Canadian real estate company

Tricon Residential (commonly known as Tricon) is a North American residential real estate company that operates in the United States and Canada. Tricon's two subsidiaries own, operate, and develop rental housing: Tricon Homes, a U.S.-based company focused on single-family rental homes in the United States, and Tricon Living, a Canadian company focused on multi-family purpose-built apartments in Canada.

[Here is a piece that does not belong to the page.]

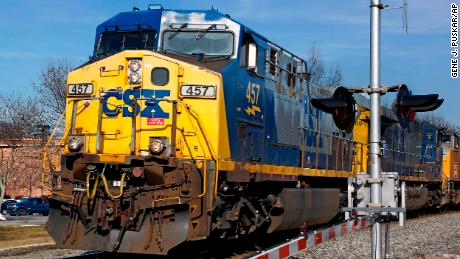 A CSX freight train passes through Homestead, Pennsylvania, on February 12, 2018.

Tricon was founded in Toronto, Ontario in 1988 by David Berman and Geoffrey Matus, and grew into a major housing developer and operator under Gary Berman, David Berman's son, who joined the company in 2002 and became CEO in 2015. The company listed on the Toronto Stock Exchange in 2010 and subsequently on the New York Stock Exchange in 2021.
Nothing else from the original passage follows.